The whole listing, except its pictures, is to be repeated exactly.
═════ DATA SECTION
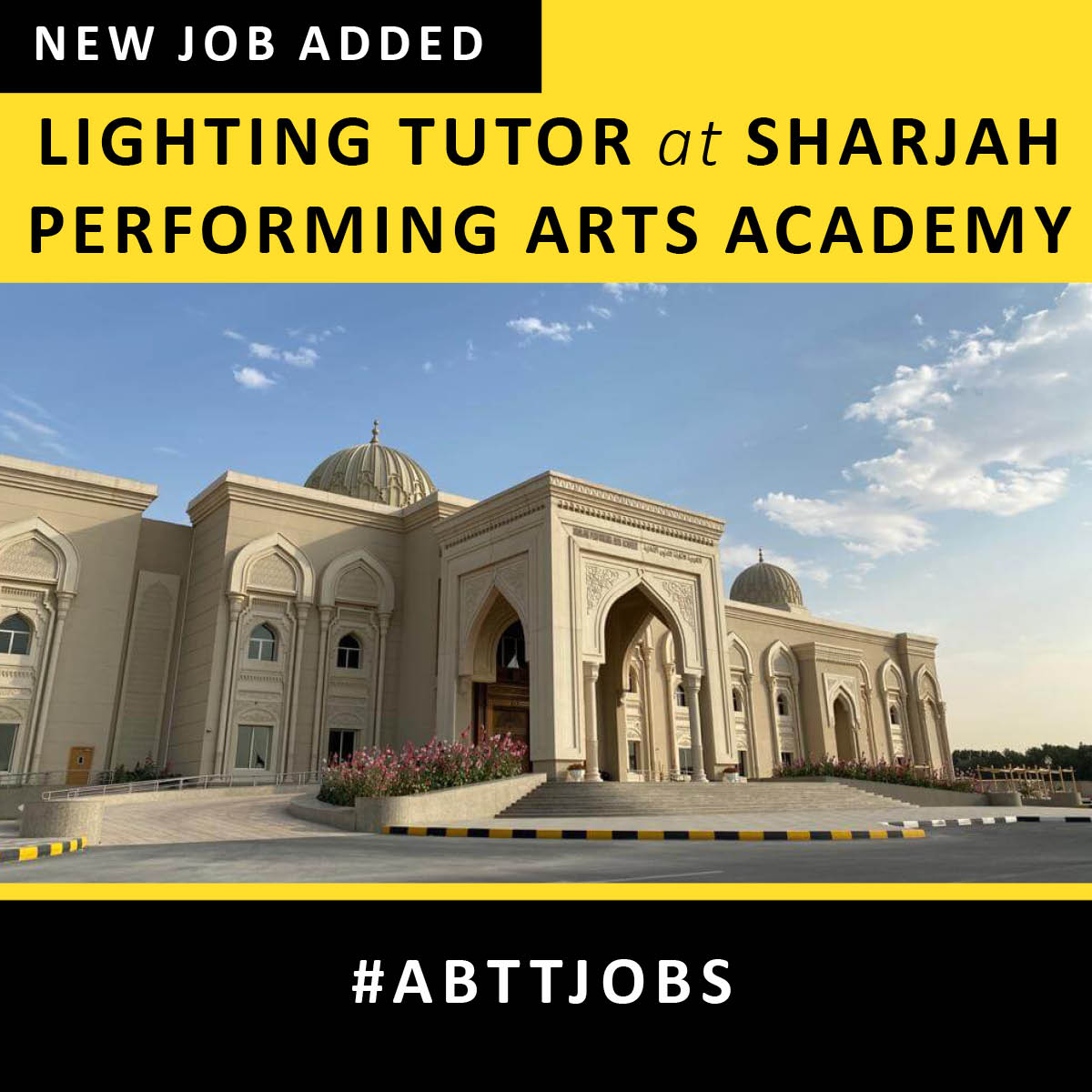 Sharjah Performing Arts Academy are hiring a Lighting Tutor to join their global team based in Sharjah, United Arab Emirates.

Find out more and apply here: abtt.org.uk/jobs/lighting-…

#ABTTjobs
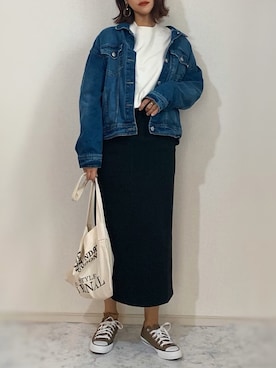 「GRL（グレイル）のアイテム（デニムジャケット）」を使った、chi__ka❤︎さん（レディース・161cm）の冬コーディネート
══════════
REPLY =>
 Sharjah Performing Arts Academy are hiring a Lighting Tutor to join their global team based in Sharjah, United Arab Emirates.

Find out more and apply here: abtt.org.uk/jobs/lighting-…

#ABTTjobs
 「GRL（グレイル）のアイテム（デニムジャケット）」を使った、chi__ka❤︎さん（レディース・161cm）の冬コーディネート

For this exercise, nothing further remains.